“Women Without Men”: Look Magazine Surveys Single Women
Background: The 1950s saw an ideal, perpetuated in books, magazines, movies, television, songs, and ads, that depicted the white, middle-class woman who could be fulfilled only by a happy marriage. In the following article from a popular magazine of 1960, journalist Eleanor Harris offered a sociological survey of the more than one-third of adult American women whose lives did not fit the domestic norm. Harris detailed the “frenzied” mating efforts of women who have tried, but failed, to marry, as well as the adverse psychological effects of being single.
. . . a little more than one third of the 62,827,000 women in the United States are getting along without steady male companionship. How do they adjust to this fact of life? How do they like their manless lot? What do they do about changing it? Do they want to change it?
To find the answers to these questions, I have interviewed scores of widows, divorced women, bachelor girls, men, gynecologists, psychologists, psychiatrists, managers of women’s hotels, executives of women’s organizations and Government statisticians.
1. Despite the assumption by many males that women cease looking for sex, men and marriage after the age of 50, the fact is that, as one gynecologist put it, “they remain interested in all these things until cremation.”

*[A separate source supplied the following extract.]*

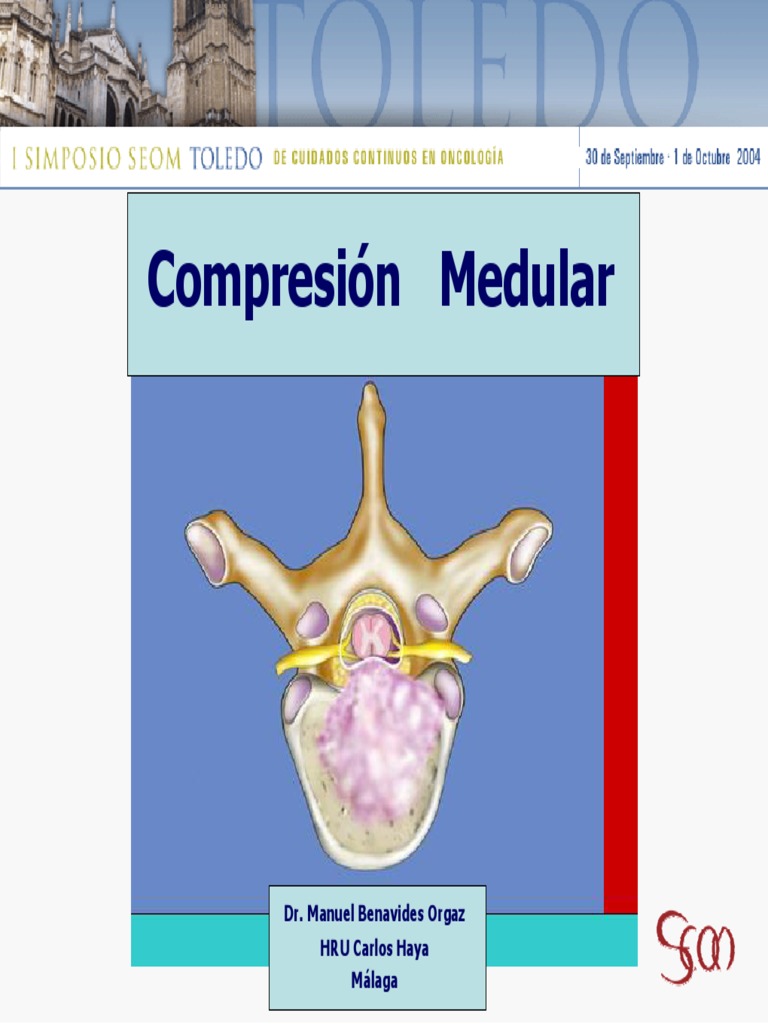 Compresión Medular y Metástasis Meningea | PDF | Metástasis | La ...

2. Many unattached women of “nice” background are as much drawn to sexual relations with men as married women are, or perhaps more so; relentlessly, they go about most of their lives trying to find sexual fulfillment. . . .
Almost to a woman, those I interviewed said the same thing: “I have only one problem. I would like to be married, but I find it impossible to meet eligible men no matter how I try—and nobody can say I don’t try. . . .”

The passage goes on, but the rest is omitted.